● Goal of the exercise
Exactly the lines below, starting with the one containing "In the next video in" and going on through the one containing "Subtract 6b from", must be reproduced, both ends included, and no pictures with them.

Collected data:
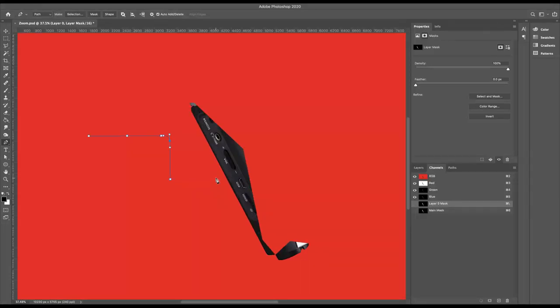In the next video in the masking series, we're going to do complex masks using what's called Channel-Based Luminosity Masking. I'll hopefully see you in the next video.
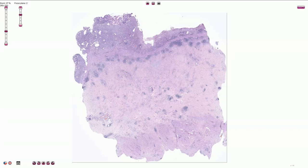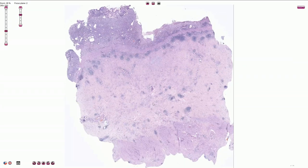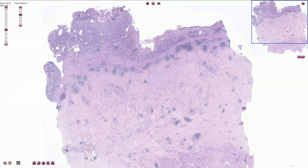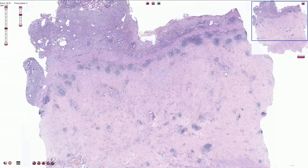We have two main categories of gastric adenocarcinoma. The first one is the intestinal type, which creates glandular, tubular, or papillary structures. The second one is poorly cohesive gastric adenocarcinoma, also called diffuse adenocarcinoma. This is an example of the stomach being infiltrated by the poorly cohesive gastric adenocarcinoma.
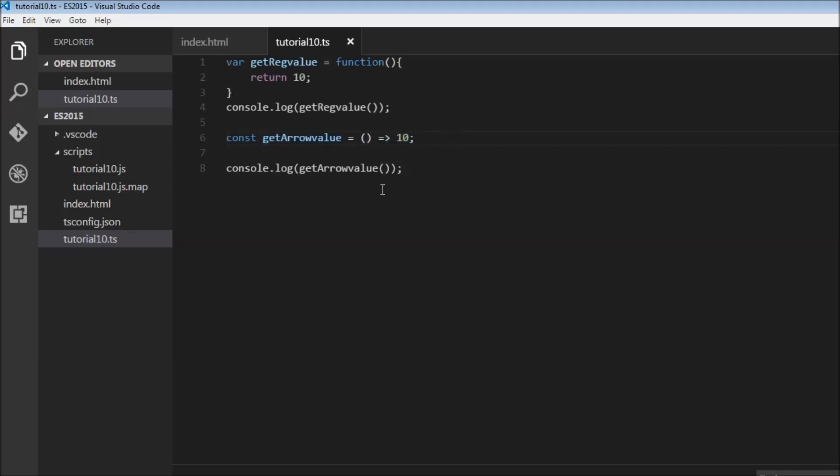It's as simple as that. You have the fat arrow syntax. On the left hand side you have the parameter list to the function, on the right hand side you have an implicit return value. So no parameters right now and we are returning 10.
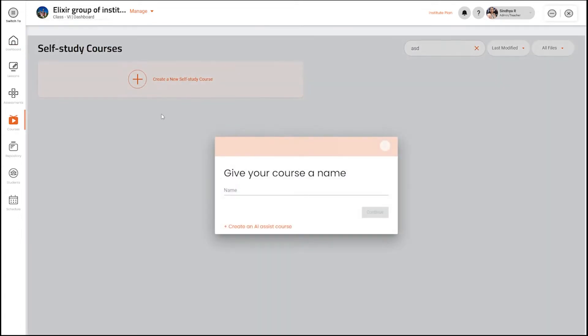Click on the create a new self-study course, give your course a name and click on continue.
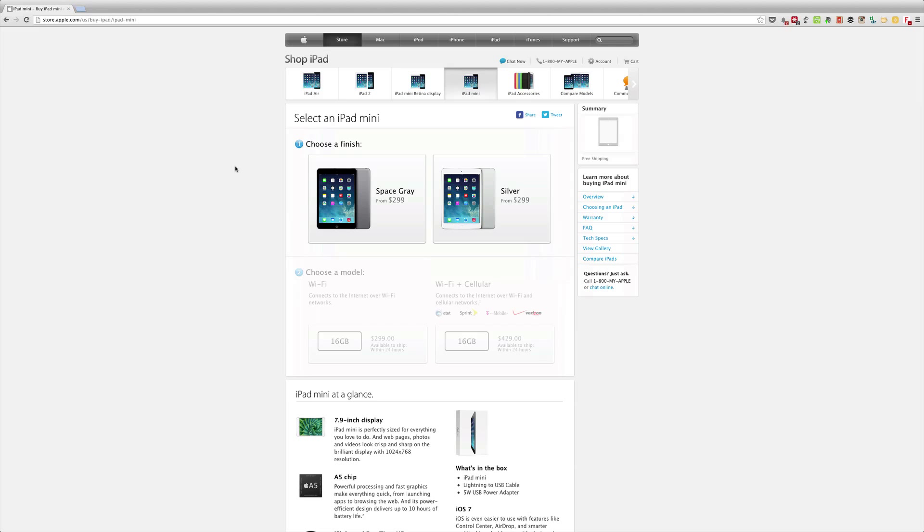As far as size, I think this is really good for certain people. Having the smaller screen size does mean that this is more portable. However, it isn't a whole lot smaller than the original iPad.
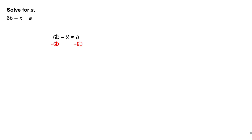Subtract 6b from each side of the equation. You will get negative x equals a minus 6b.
==
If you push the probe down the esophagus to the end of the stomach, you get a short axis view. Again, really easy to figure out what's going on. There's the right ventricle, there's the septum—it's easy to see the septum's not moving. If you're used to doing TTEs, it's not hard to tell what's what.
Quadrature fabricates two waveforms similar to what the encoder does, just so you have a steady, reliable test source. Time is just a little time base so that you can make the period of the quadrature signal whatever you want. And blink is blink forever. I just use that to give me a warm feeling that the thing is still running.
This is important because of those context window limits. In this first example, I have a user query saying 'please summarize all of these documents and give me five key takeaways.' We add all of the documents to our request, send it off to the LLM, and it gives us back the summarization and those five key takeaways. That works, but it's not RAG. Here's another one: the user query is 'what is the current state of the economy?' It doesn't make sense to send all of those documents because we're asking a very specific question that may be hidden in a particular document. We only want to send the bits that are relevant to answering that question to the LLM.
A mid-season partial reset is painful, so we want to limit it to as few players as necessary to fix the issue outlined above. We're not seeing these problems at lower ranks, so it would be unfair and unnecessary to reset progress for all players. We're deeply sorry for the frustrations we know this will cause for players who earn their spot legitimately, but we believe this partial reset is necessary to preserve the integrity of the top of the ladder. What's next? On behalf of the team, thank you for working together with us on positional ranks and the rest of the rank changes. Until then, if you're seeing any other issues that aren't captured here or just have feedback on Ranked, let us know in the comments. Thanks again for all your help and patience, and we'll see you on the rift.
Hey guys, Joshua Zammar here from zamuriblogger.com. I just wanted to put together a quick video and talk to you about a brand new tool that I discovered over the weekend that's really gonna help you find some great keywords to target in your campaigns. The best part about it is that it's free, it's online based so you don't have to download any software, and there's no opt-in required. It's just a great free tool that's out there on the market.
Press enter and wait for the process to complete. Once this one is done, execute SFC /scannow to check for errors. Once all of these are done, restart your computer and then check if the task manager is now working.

● Answer to this problem
In the next video in the masking series, we're going to do complex masks using what's called Channel-Based Luminosity Masking. I'll hopefully see you in the next video.
We have two main categories of gastric adenocarcinoma. The first one is the intestinal type, which creates glandular, tubular, or papillary structures. The second one is poorly cohesive gastric adenocarcinoma, also called diffuse adenocarcinoma. This is an example of the stomach being infiltrated by the poorly cohesive gastric adenocarcinoma.
It's as simple as that. You have the fat arrow syntax. On the left hand side you have the parameter list to the function, on the right hand side you have an implicit return value. So no parameters right now and we are returning 10.
Click on the create a new self-study course, give your course a name and click on continue.
As far as size, I think this is really good for certain people. Having the smaller screen size does mean that this is more portable. However, it isn't a whole lot smaller than the original iPad.
Subtract 6b from each side of the equation. You will get negative x equals a minus 6b.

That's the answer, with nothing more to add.